CHICAGO, IL — Today, Thursday, March 13 at 3:45 PM – the day before SEIU Local 1 janitors head to the bargaining table with Building Owners and Management Association (BOMA) – more than 1,000 Local 1 janitors and allies alongside Cook County Commissioner President Preckwinkle, Mayor Johnson and dozens of Chicago Aldermen rallied at the Daley Center and marched to 300 West Madison where Local 1 janitors were recently displaced. Local 1 janitors service 85% of Commercial Office Buildings in Cook County and have kept the Downtown Chicago skyline clean and sparkling for over 100 years, including during the COVID pandemic. 

The contracts that impact 8,000 downtown janitors and suburban janitors, predominantly employed by ABM, Allied Universal Janitorial Services, and Harvard Maintenance, are set to expire April 7, 2024. On average, Local 1 janitors are tasked with cleaning 65,000 square feet of office space in one day with many walking up to 20,000 steps in a single shift – equivalent to almost nine miles of walking.

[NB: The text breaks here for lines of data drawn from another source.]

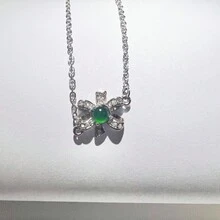 女士寶石鑲嵌吊墜鎖骨鏈飾品,天然冰種翡翠項鍊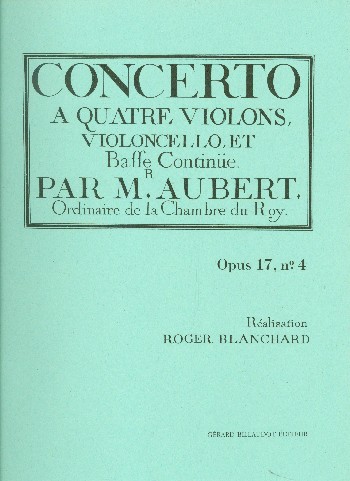 Concerto en mi mineur op.17,4  pour 4 violons, violoncelle et Bc  partition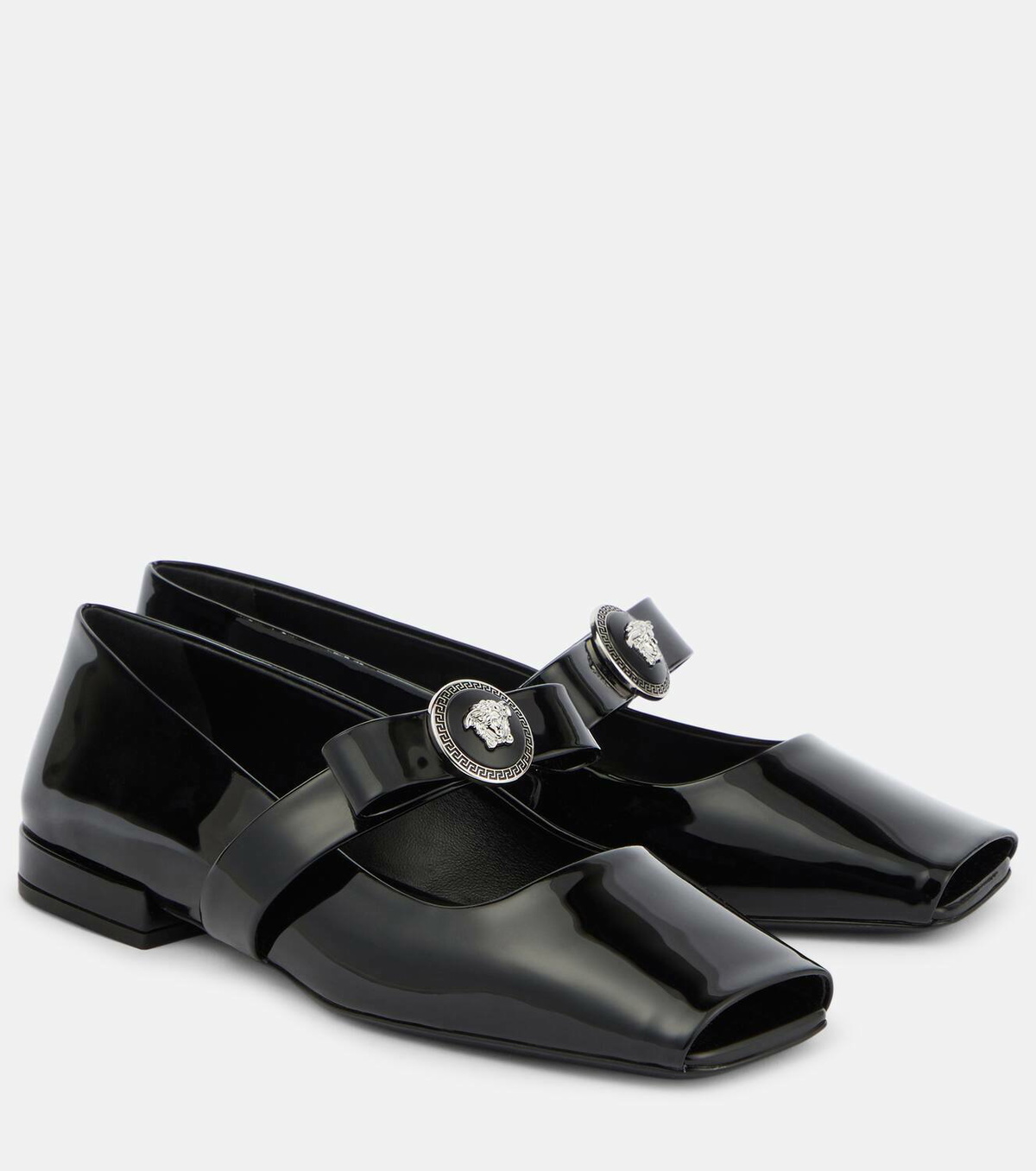 Versace Leather Flats Leather flats Versace Black size 41 EU in Leather - 44520452 main image 3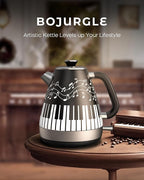 Artistic Electric Kettle with Hand-Applied Piano Keys and Music Note Stickers - 1.7L Stainless Steel Tea Kettle with LED Indicator, BPA-Free, 1200W Rapid Boil, Auto Shut-Off and Boil-Dry Protection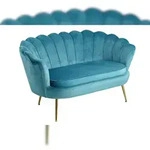 SalesFever Muschel-Sofa | Bezug Samt-Stoff | Gestell Metall goldfarben | B 136 x T 77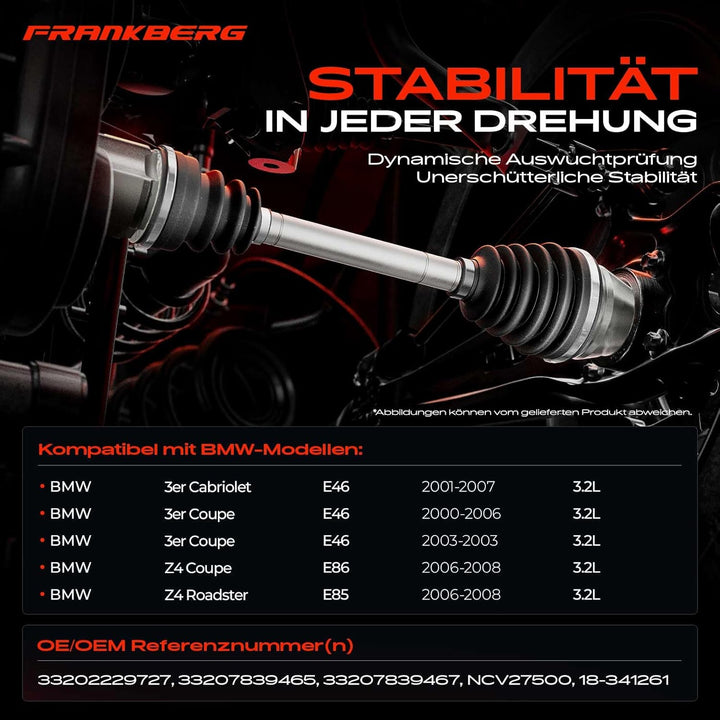 Frankberg Antriebswelle mit ABS Hinterachse Links Kompatibel mit E46 M3 3.2L 2000-2007 E85 M 3.2L 20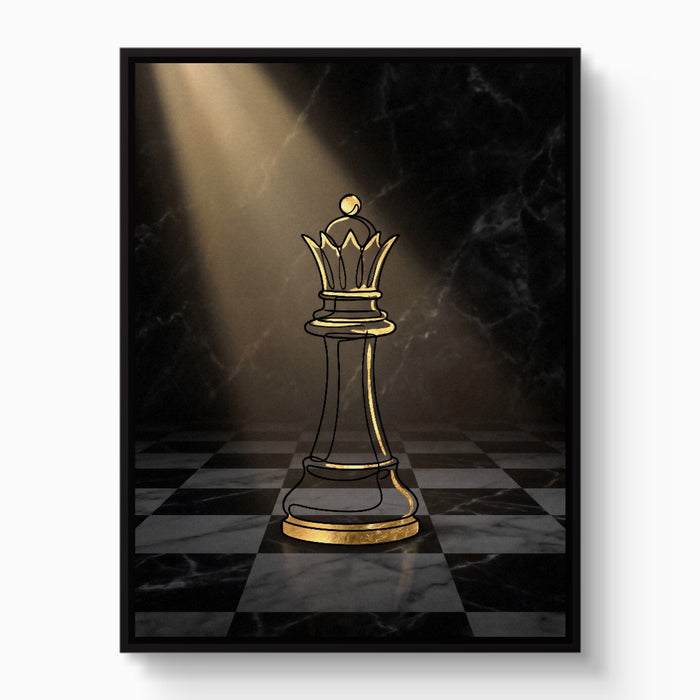 Golden Queen Spotlight — golden queen spotlight white studio framed black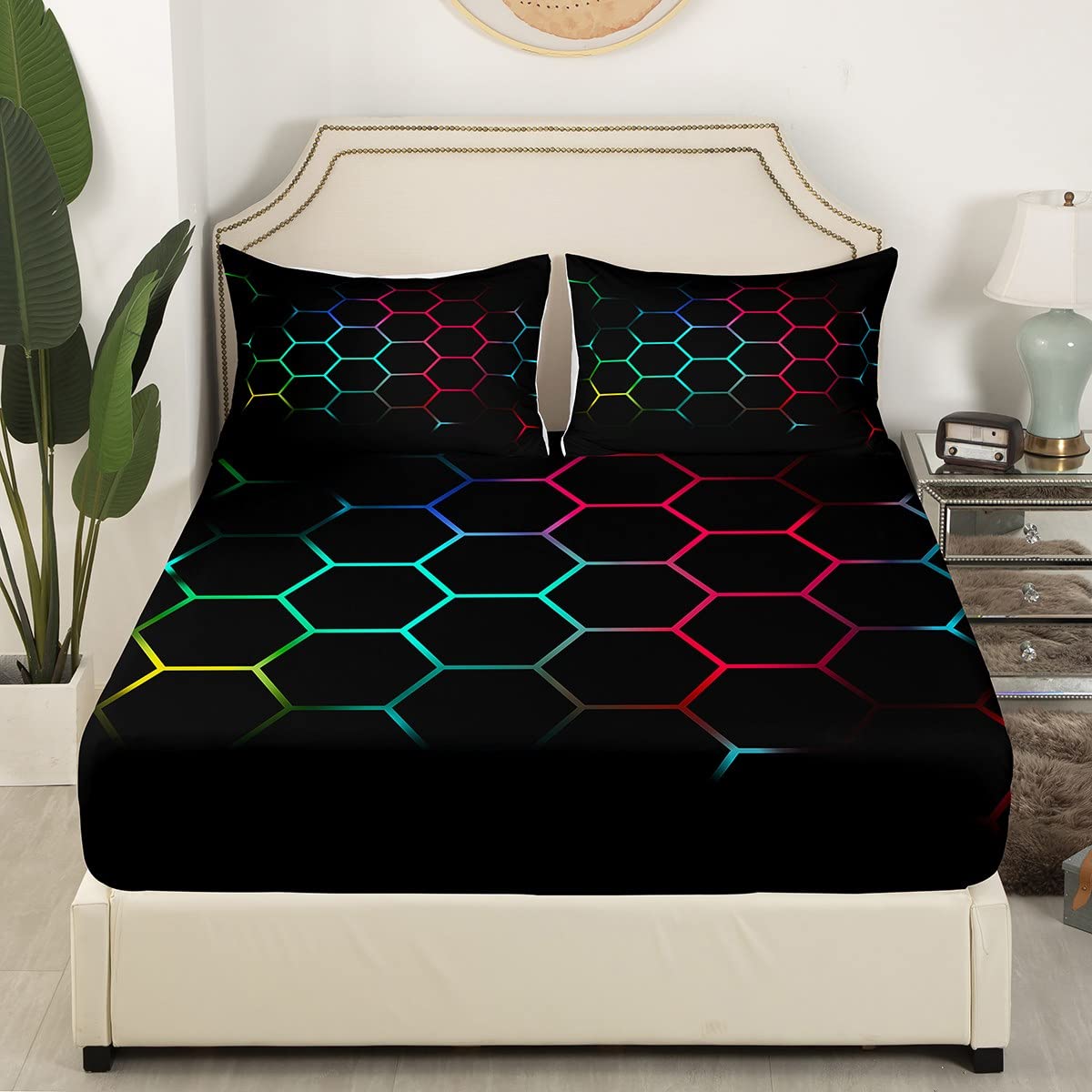Feelyou Teal and Blue Red Yellow Bed Sheet Set Hexagonal Bedding Sheets Kids Boys Teens Honeycomb Decor Bedding Fitted Sheet Beehive Simplistic Geometric Bed Cover Bedroom Collection 2Pcs Twin Size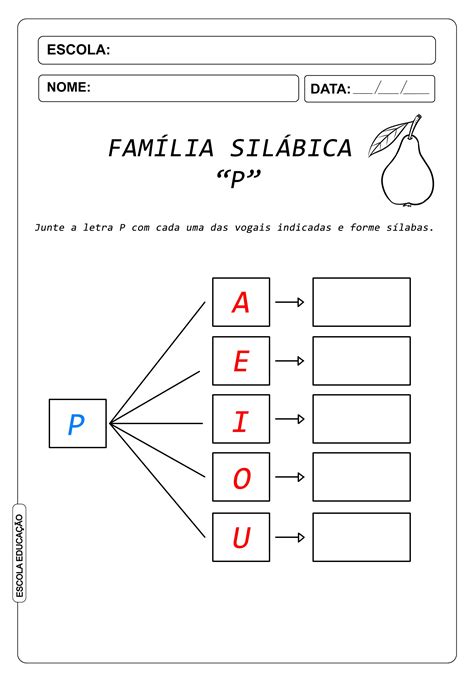 Atividades Familia Silabica Do P Cursiva Educa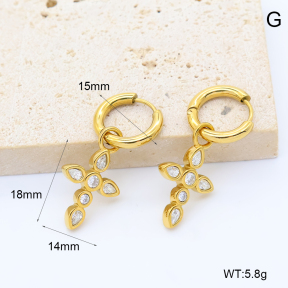 GEE003148vhkb-066  316 Pin 18K PVD Zircon,Handmade Polished  Stainless Steel Earrings  BC26070512E-WT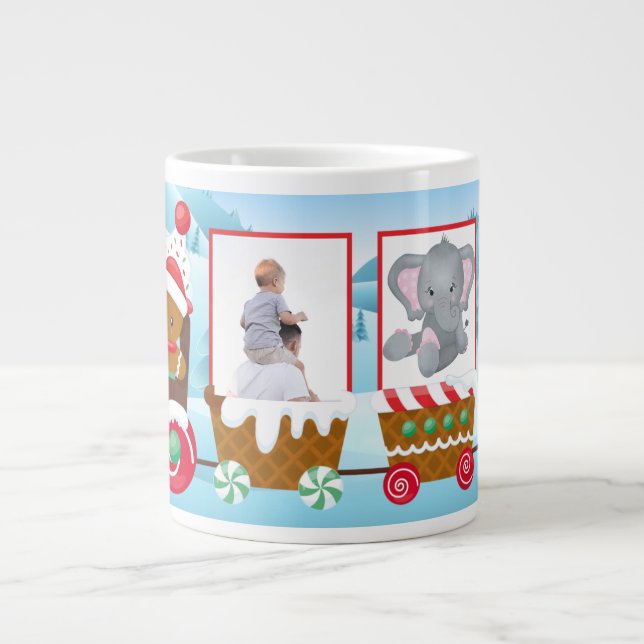 Fügen Sie Ihre eigenen Fotos Weihnachtszug Urlaub  Jumbo-Tasse (Vorderseite)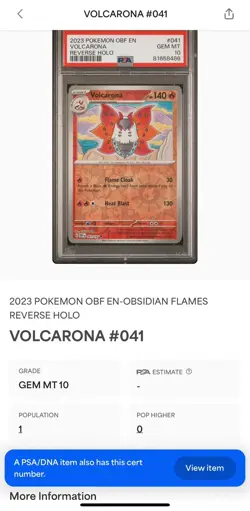 PSA 10 Pokemon Obsidian Flames Volcarona Reverse Holo 041/197 2023 Graded - Image 3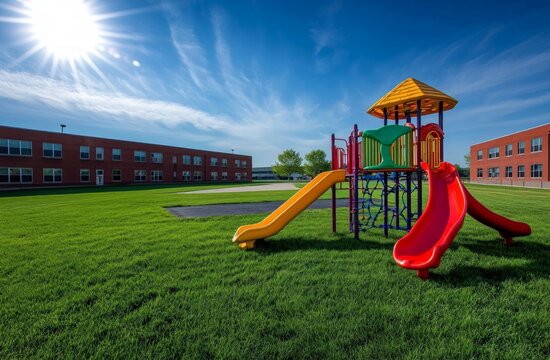 Colorful Playground Equipment In Residential Complex
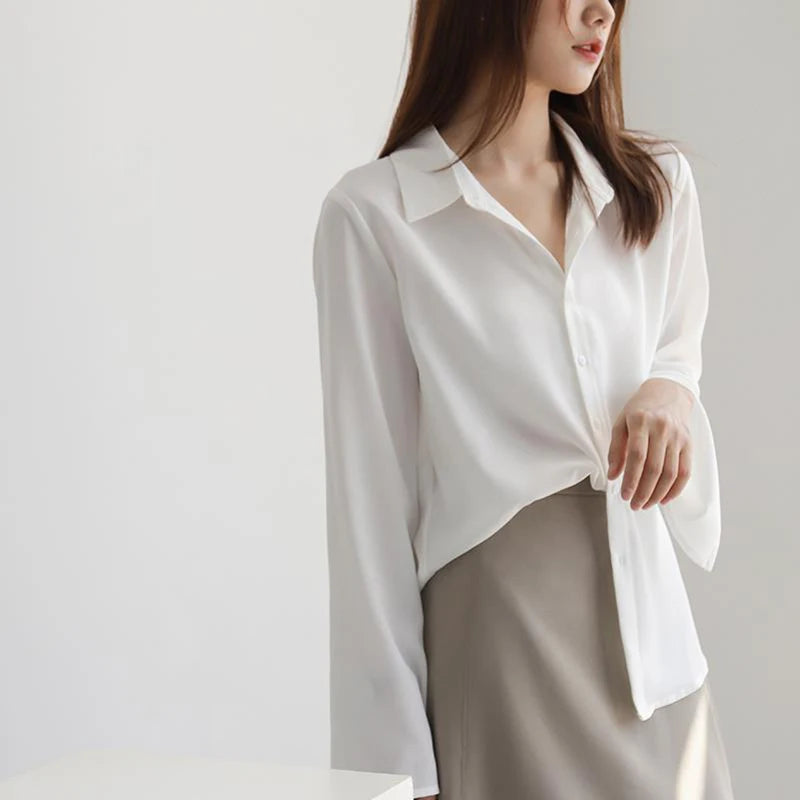 Women Chiffon Blouse Fashion Solid Long Flare Sleeve OL Office Lady Work Top Shirts V-neck White Shirt Elegant Female Clothes 2
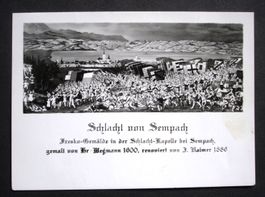 Schlacht von SEMPACH Fresko-Gemälde - Stempel Wirtschaft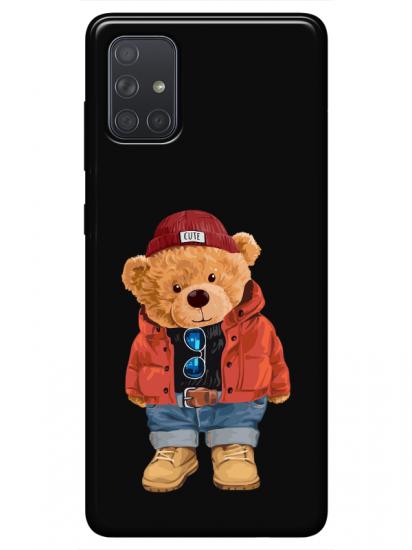 Samsung A51 Teddy Bear Siyah Telefon Kılıfı
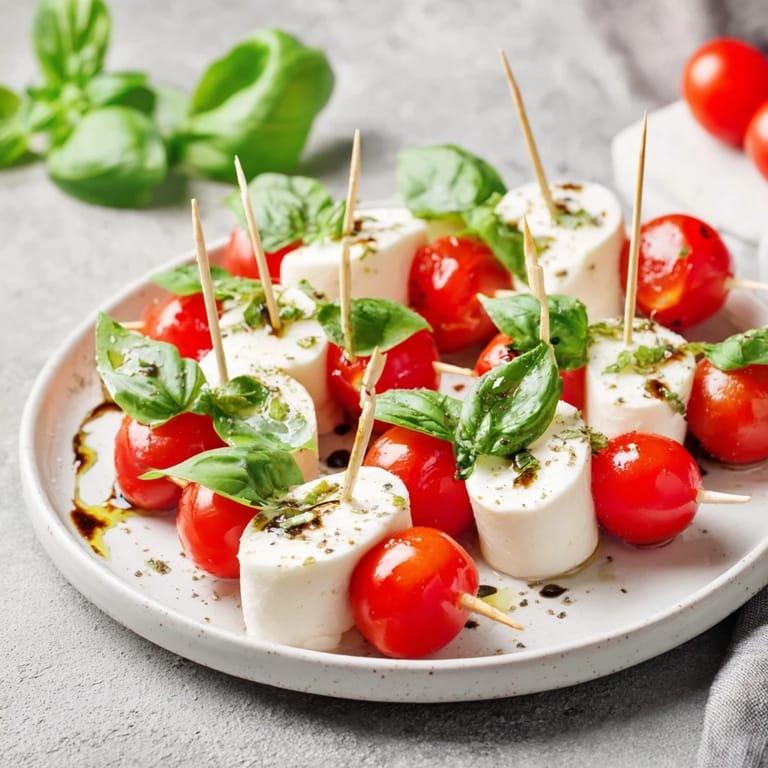 Golden olive oil glistens on these vibrant Caprese skewers with melted mozzarella stars.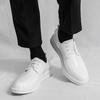 Outono 2025 novos sapatos de couro envernizado pontiagudos brilhantes com cadarço tamanho grande sapatos casuais de negócios para vestir sapatos masculinos
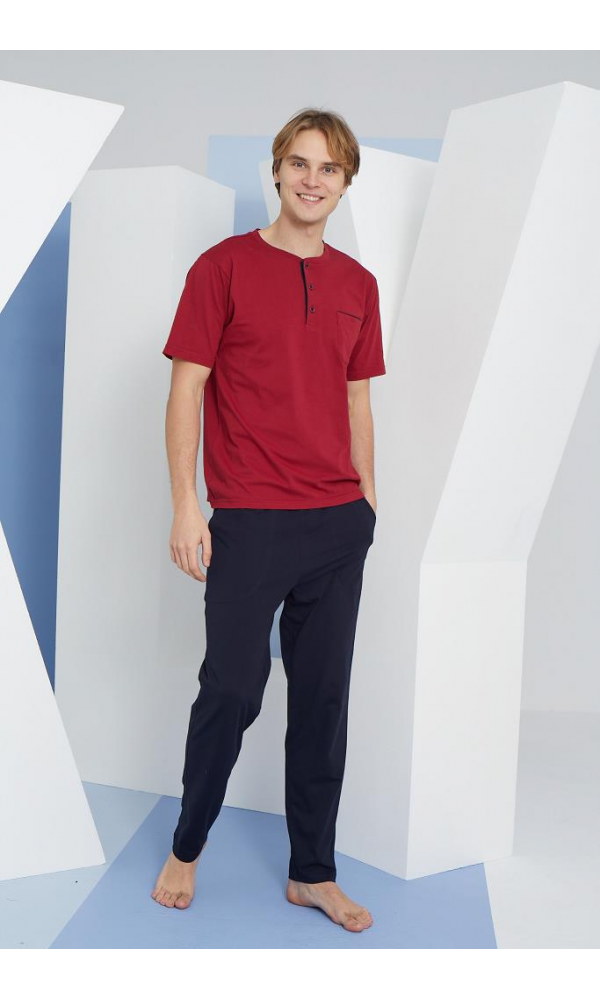 KLY 2207 BATTAL MİDİ YAKA PİJAMA TAKIM GRİ
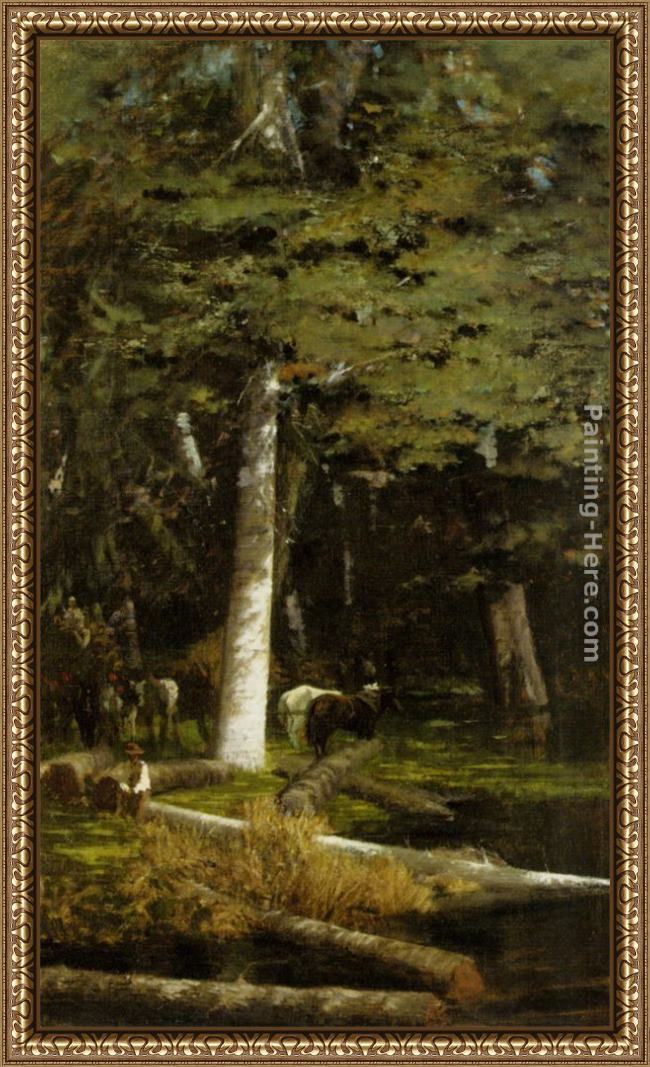 Framed Giuseppe de Nittis nella foresta painting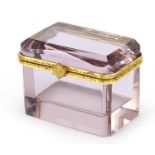 19th century style amethyst coloured glass casket with gilt mounts, 5cm H x 6.5cm W x 4cm D : For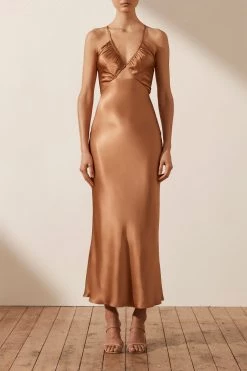 Shona Joy DRESSES LA LUNE RUCHED BODICE MIDI DRESS - COPPER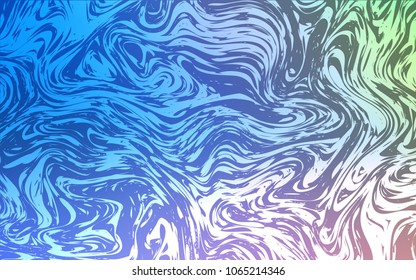 Light Blue, Green vector template with bent ribbons. Geometric illustration in marble style with gradient.  A completely new memphis design for your business.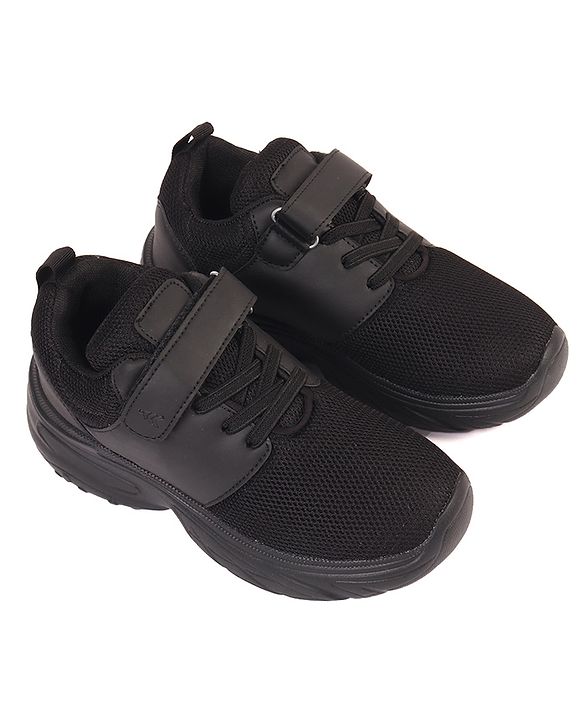 Pine Kids School Shoes with Velcro Closure - Black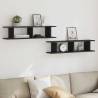 Wall Shelves 2 pcs Black Oak 90x18x20 cm | Hipo Market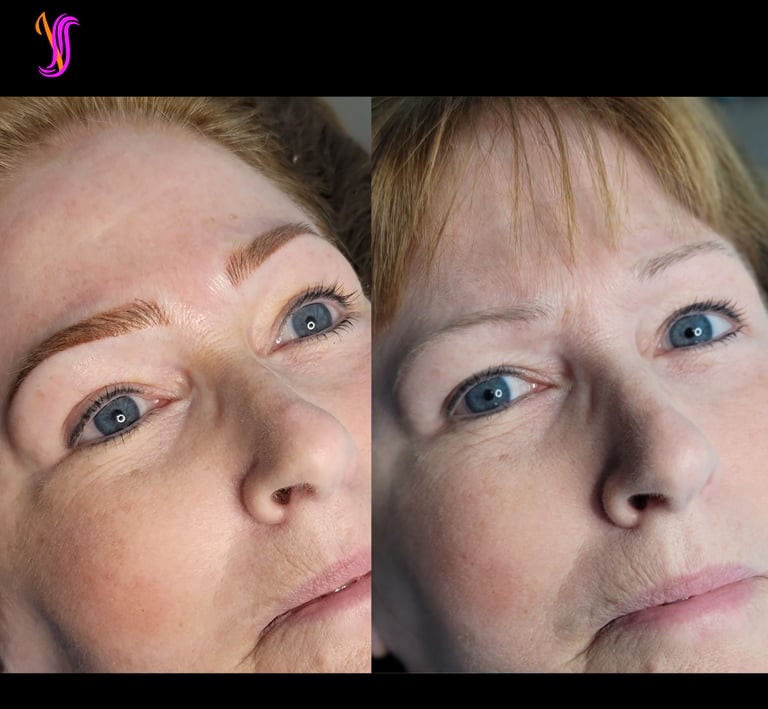 Close-up of beautiful fusion brow on a client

Janitors will march from the Daley Center to 300 West Adams – 6% of what janitors walk in a day – to show community members the strenuous physical tasks janitors endure on the job. 

SEIU Local 1 janitors are bargaining to secure the future of janitorial work and to help secure the future of downtown commercial real estate. Downtown Chicago is an economic engine fueling every neighborhood in Chicagoland. When janitors have good wages, workers spend that money back in the communities they live in creating economic vitality across all of Chicago. Local 1  janitors contribute over $392 million to the Chicagoland economy and support thousands of jobs. 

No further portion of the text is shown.